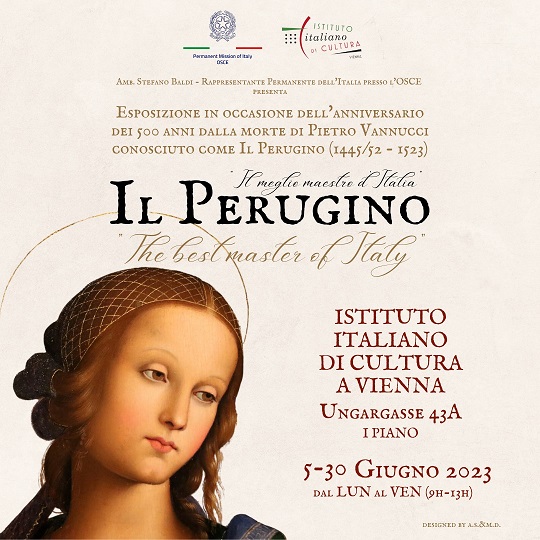 Una exposición de paneles sobre ‘Il Perugino, el mejor maestro de Italia’ por el 500 aniversario de su muerte, en el Instituto Cultural Italiano en Viena por el Embajador Stefano Baldi.  – Blog de Carlo Franza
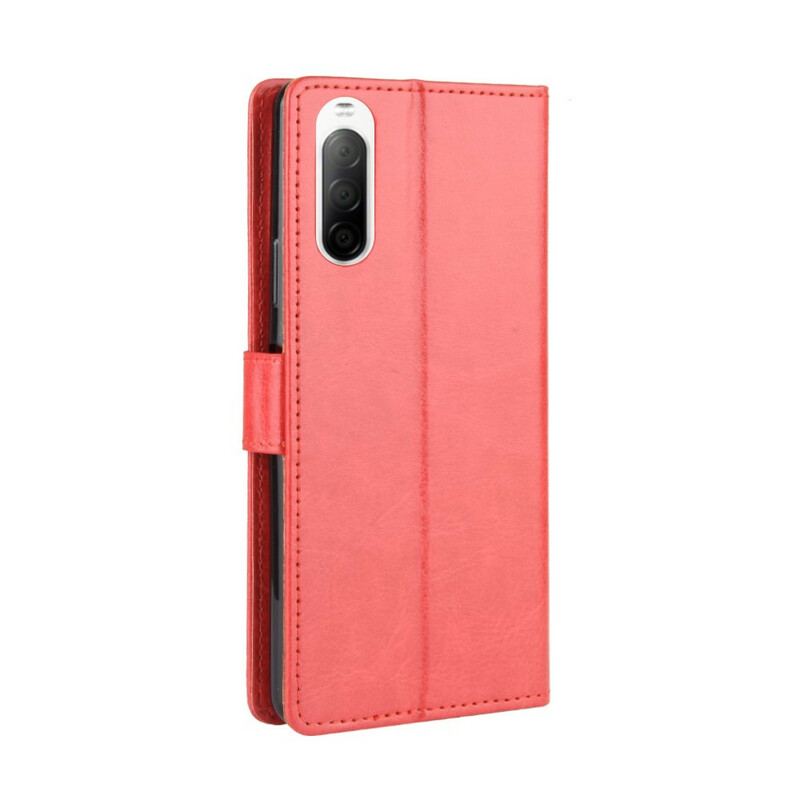 Capa Flip Para Sony Xperia 10 II Couro Falso Chamativo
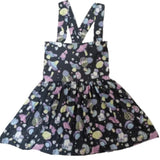 Pastel Mushroom Jumper Skirt Dress with POCKET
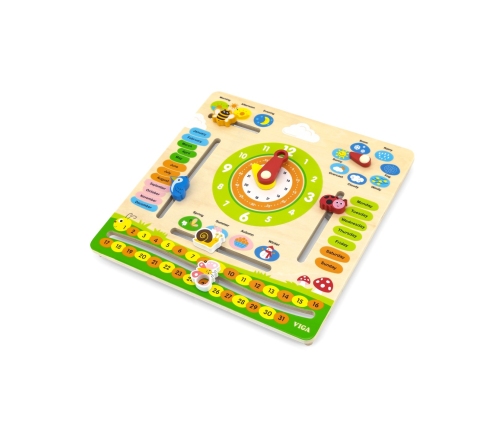 VIGA Kalendarz Edukacyjny Nauka Jezyka Angielskiego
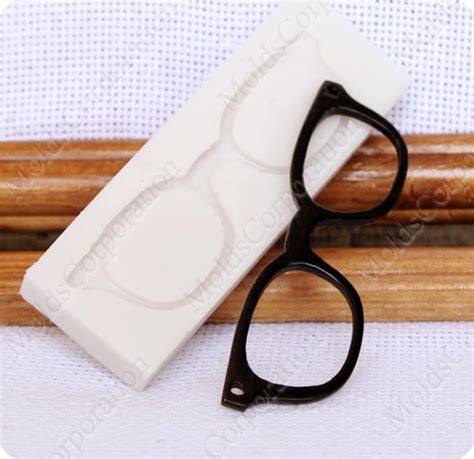 Glasses Silicone Mold Spectacles Flexible Mould For Epoxy Resin Polymer Clay Scrapbooking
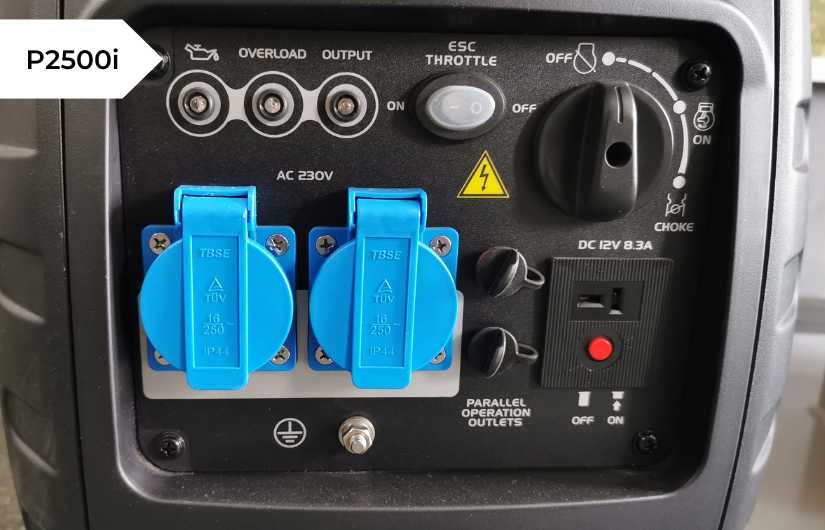 Atlas Copco P2500i AVR Agregat prądotwórczy 2,5kW 1 Fazowy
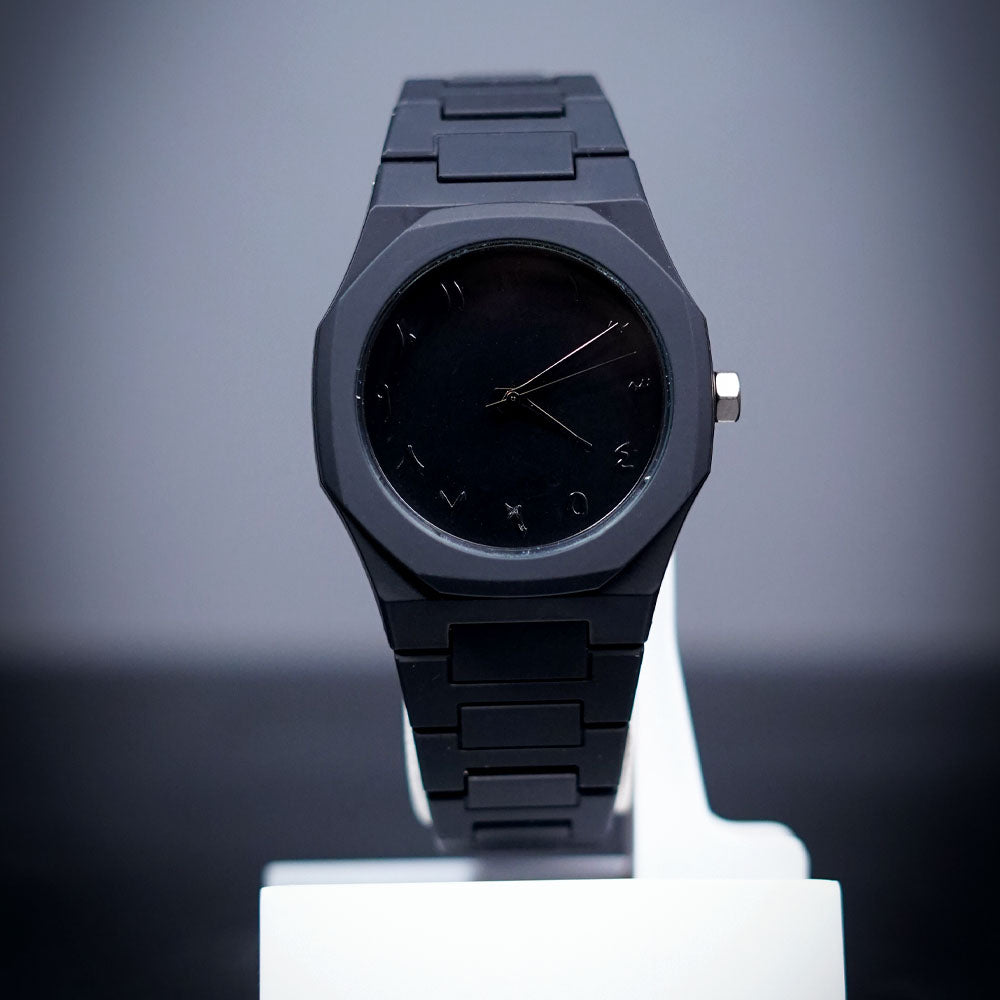 Black Arabic Aura Watch – Sleek, Lightweight Design with Premium Finish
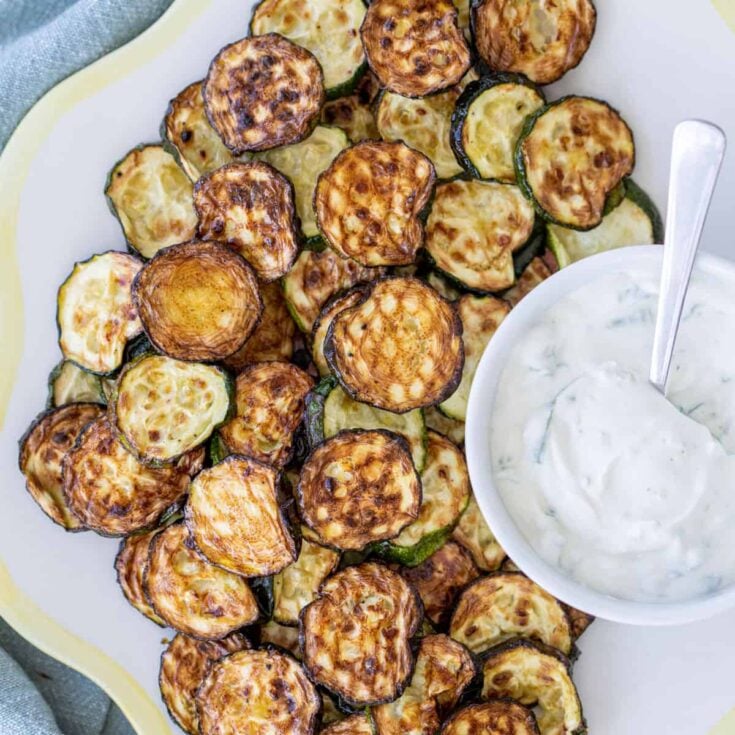 Image for Air Fryer Zucchini Chips with Sour Cream Dip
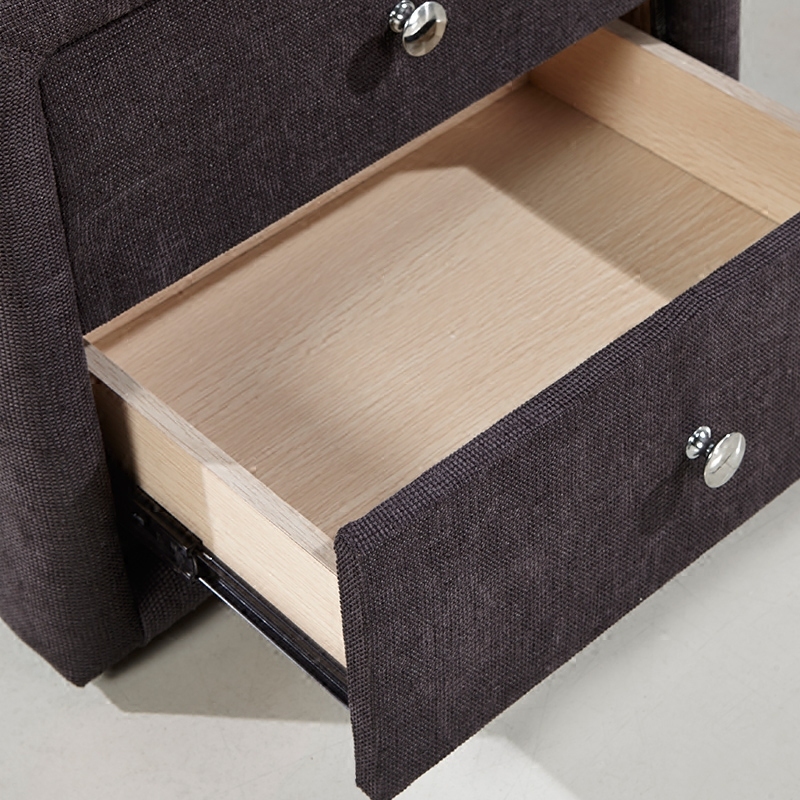 啊点生活品牌简约现代时尚经典布艺床头柜多色可选柜类床头柜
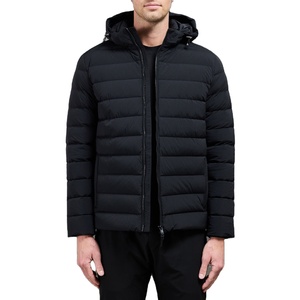 Veste matelassée à capuche unisexe en coton de haute qualité, imperméable et coupe-vent, personnalisable selon la taille du pack technique du client - Product Image 1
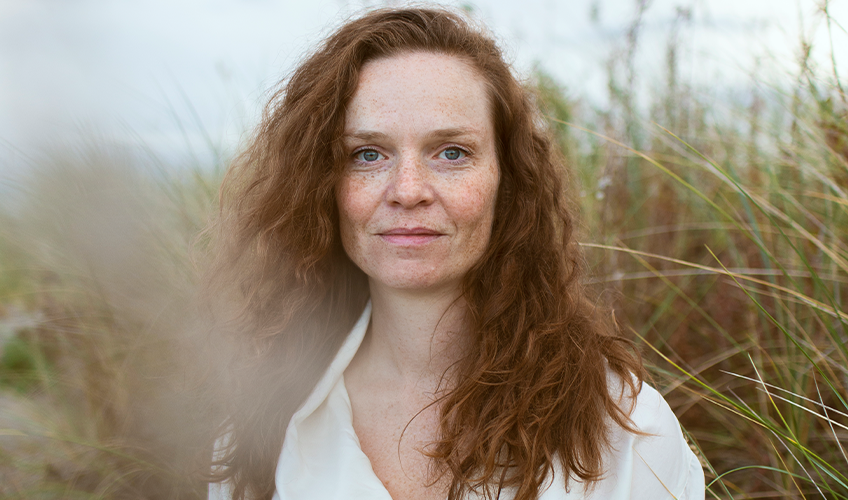 portræt af Rikke Oberlin Flarup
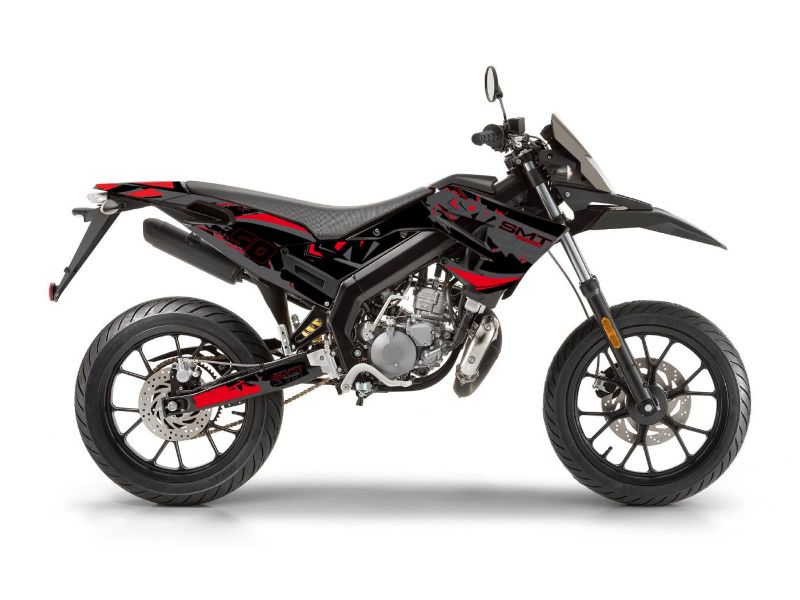 Obrázok z samolepky sada  čierno-červeno-sivá matná pre Gilera SMT 50 2018-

• _Exercise_
Go to the line that contains "Glasses Silicone Mold" and copy exactly from there through the last line of the records above, both included. Omit pictures.

• _Result of this exercise_
 Glasses Silicone Mold Spectacles Flexible Mould For Epoxy Resin Polymer Clay Scrapbooking
 Atlas Copco P2500i AVR Agregat prądotwórczy 2,5kW 1 Fazowy
 Black Arabic Aura Watch – Sleek, Lightweight Design with Premium Finish
 Image for Air Fryer Zucchini Chips with Sour Cream Dip
 啊点生活品牌简约现代时尚经典布艺床头柜多色可选柜类床头柜
 Veste matelassée à capuche unisexe en coton de haute qualité, imperméable et coupe-vent, personnalisable selon la taille du pack technique du client - Product Image 1
 portræt af Rikke Oberlin Flarup
 Obrázok z samolepky sada  čierno-červeno-sivá matná pre Gilera SMT 50 2018-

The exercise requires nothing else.